**WORK TO COMPLETE**
Exact copies of all the lines below are wanted, without a single picture.

**SUPPLIED DATA**
● ● ● ●
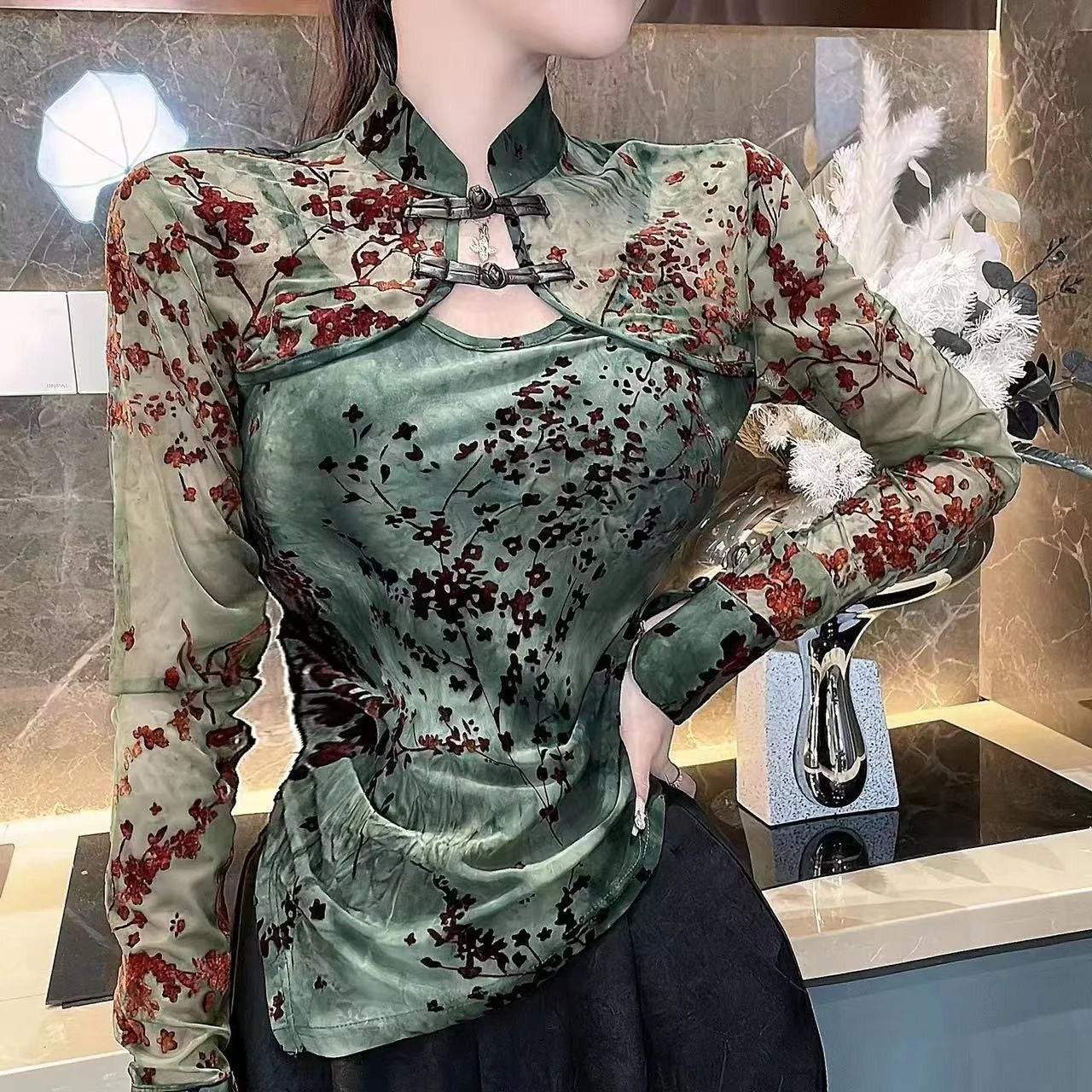 Gothic Floral Top - Image 2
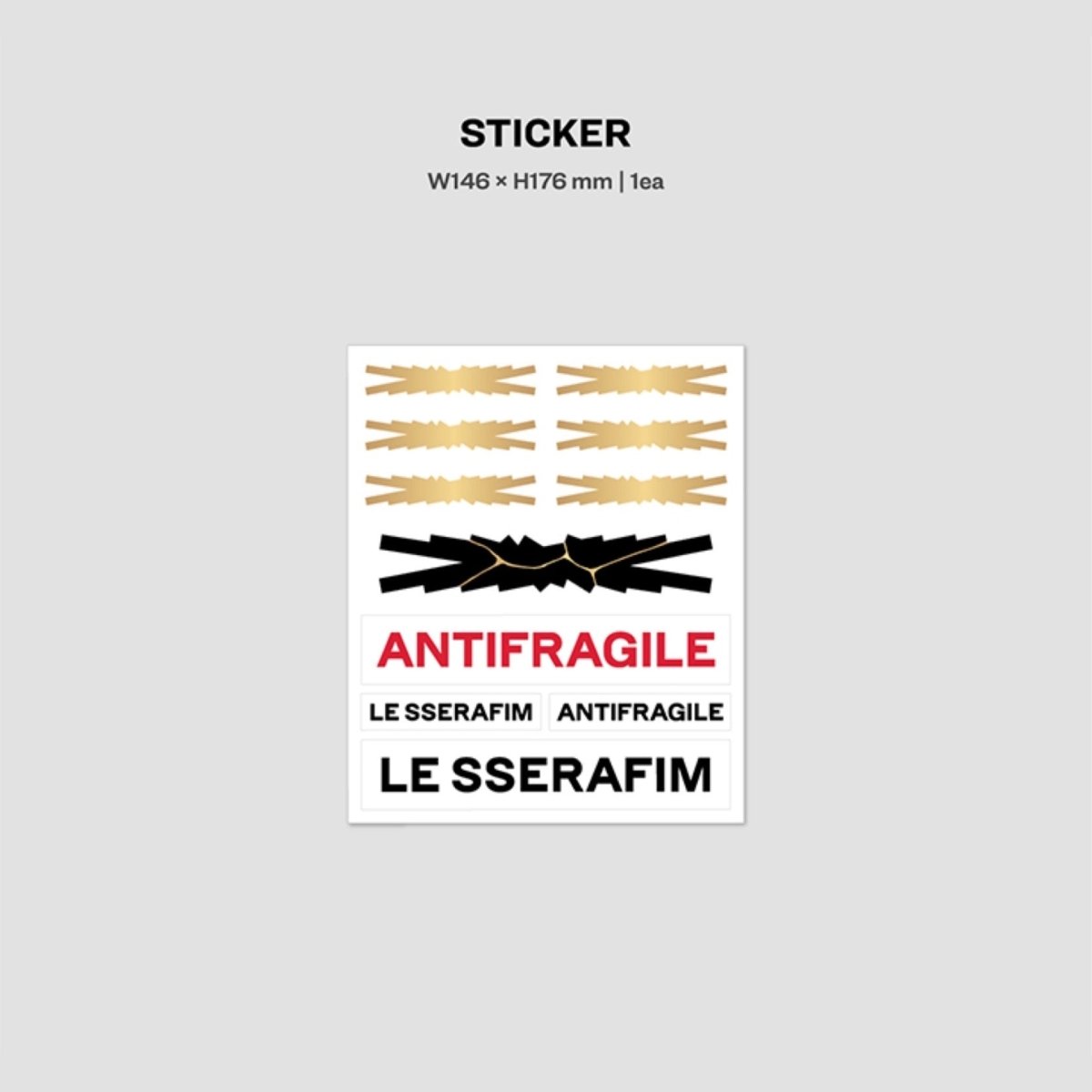 LE SSERAFIM - ANTIFRAGILE 2nd Mini Album (You Can Choose Version) - K-STAR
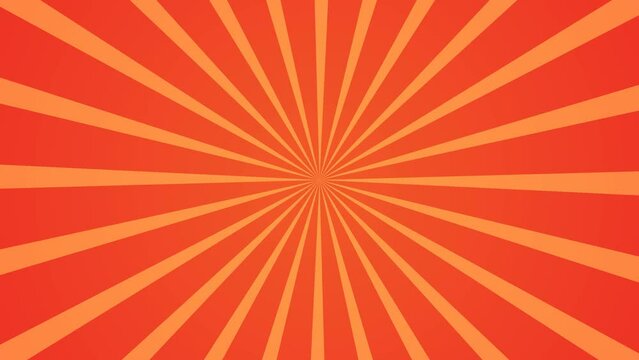 orange sunburst comic background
● ● ● ●
**SOLUTION**
 Gothic Floral Top - Image 2
 LE SSERAFIM - ANTIFRAGILE 2nd Mini Album (You Can Choose Version) - K-STAR
 orange sunburst comic background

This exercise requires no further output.